EBoard 40: String matching, concluded

Approximate overview

  • Admin
  • Discussion of grading
  • Analysis of the hashing technique for string matching
  • Other algorithms

Administrative stuff

Notes

  • Please use the booking assistant on Teams or Outlook to book a meeting or more with me during finals week.
  • I’ve released some grades. More are forthcoming.
  • I’ve also added all the LOs.

Upcoming token-generating activities

  • Equity in CS talk tonight. See email from SamR yesterday.
  • Summer Opportunities in CS tomorrow at 4:00 p.m. in 3821.

Other fun things

  • “I Dig You” this weekend.
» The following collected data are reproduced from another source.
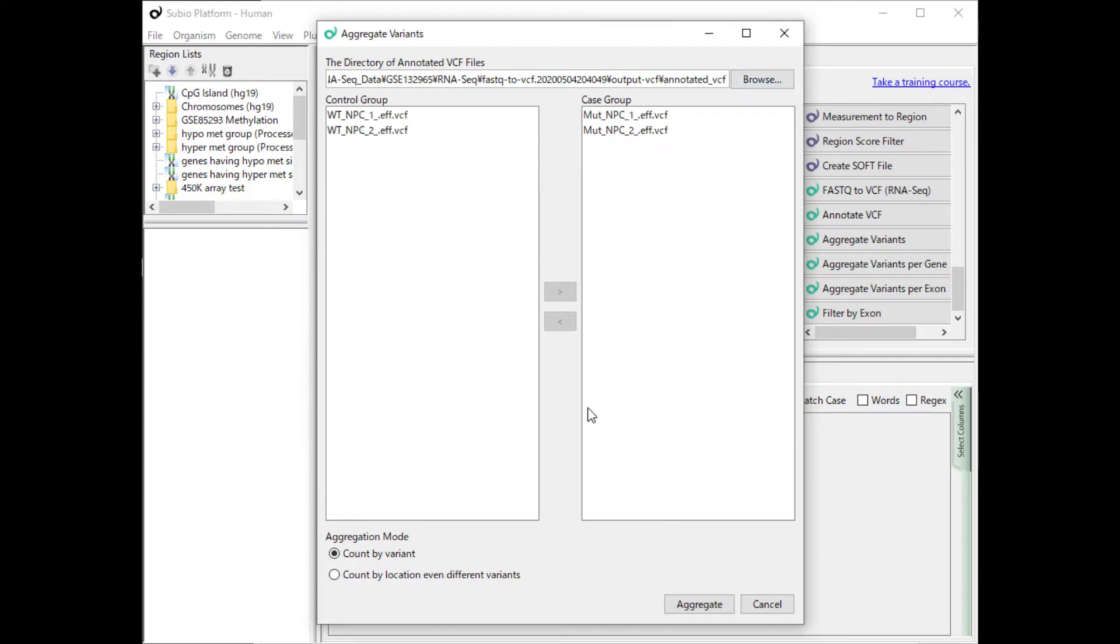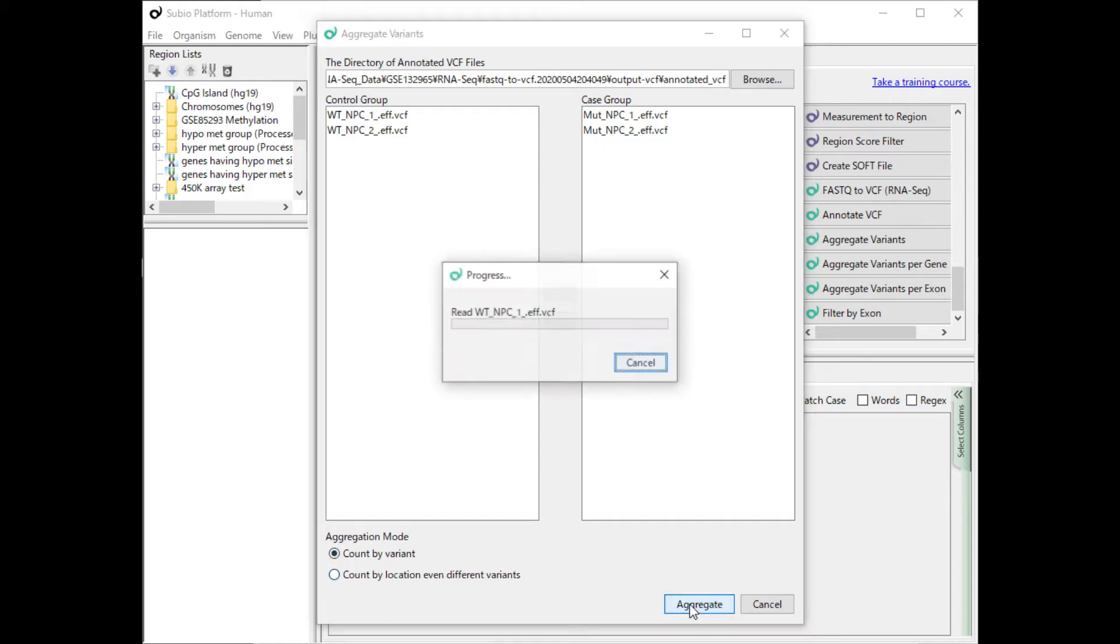Move the WT to the control group, select the Count by Variant mode or the Count by Location mode, and press the Aggregate button.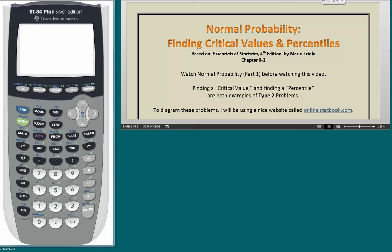This is a presentation on a particular application of normal probability, which is called Finding Critical Values and Percentiles. In the early part of Chapter 6 of the Triola textbook, they have some problems along these lines. The critical values are something that are going to come up mostly in Chapters 7 and 8, but they're giving you an introduction to this issue here in Chapter 6.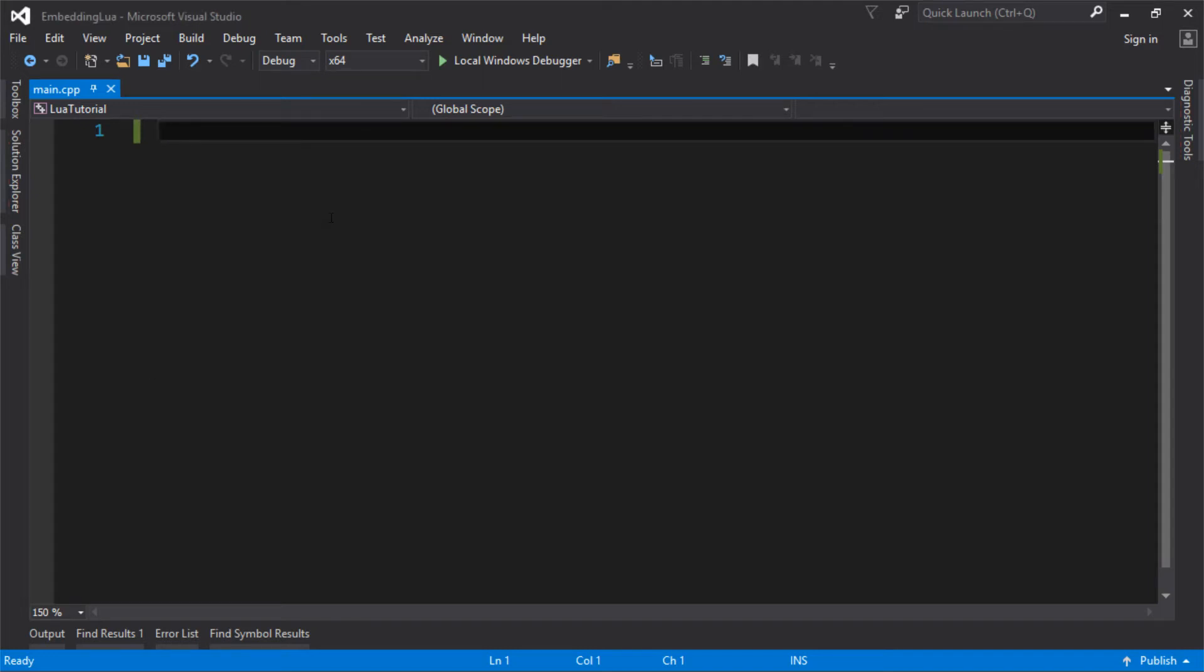So here we go, we have an empty Visual Studio project, and we're going to create an application in here. We're going to embed Lua and run some Lua code.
Ticketing starts today, we think.

Upcoming work

  • HW12 due TOMORROW
    • Some dynamic programming problems (pseudocode)
    • Topological sort (real code)
  • HW11 due LAST WEEK (ish)
    • Implement skip lists

Q&A

Do we have class on Friday?

Yes! I expect you to be here. With a pen.

Why do we need a pen?

It’s a surprise!

Can I use a tablet?

Probably not. I want output on paper.

Grading

  • Approach: Count how many of the Learning Outcomes (LOs) you’ve demonstrated.
  • There are 21 one of them.
    • All 21: A+
    • 20: A
    • 19: A-
    • 18: B+
  • What are the Learning Outcomes?
    • They are on the syllabus. (Not necessarily in the most sensible order.)
  • How do you demonstrate that you’ve met them?
    • Usually, with successful completion of a homework assignment.
    • In some cases, it’s up to you to come up with the demonstration.
  • We’ll look at them together.

Substring matching with hash codes

  • Compute the hash code of each substring of t of the appropriate length (that is, length(s)).
  • To determine everywhere s appears, compute its hash code and look in the hash table. (You may have to filter that index in the hash table.)
  • Hash algorithm/function
    • Our string is t[1] … t[n]. We’re hashing t[1] … t[m].
    • p is some prime.
    • Hash code h[1] is … t[1]xp^m + t[2]xp^(m-1) + t[3]xp^(m-2) + … t[m-1]xp^2 + t[m]xp^1.

Question:

If we have h[1], the hash code for t[1..m], can we quickly compute h[2], the hash code for t[2..m+1]? (“quickly” = “in constant time”)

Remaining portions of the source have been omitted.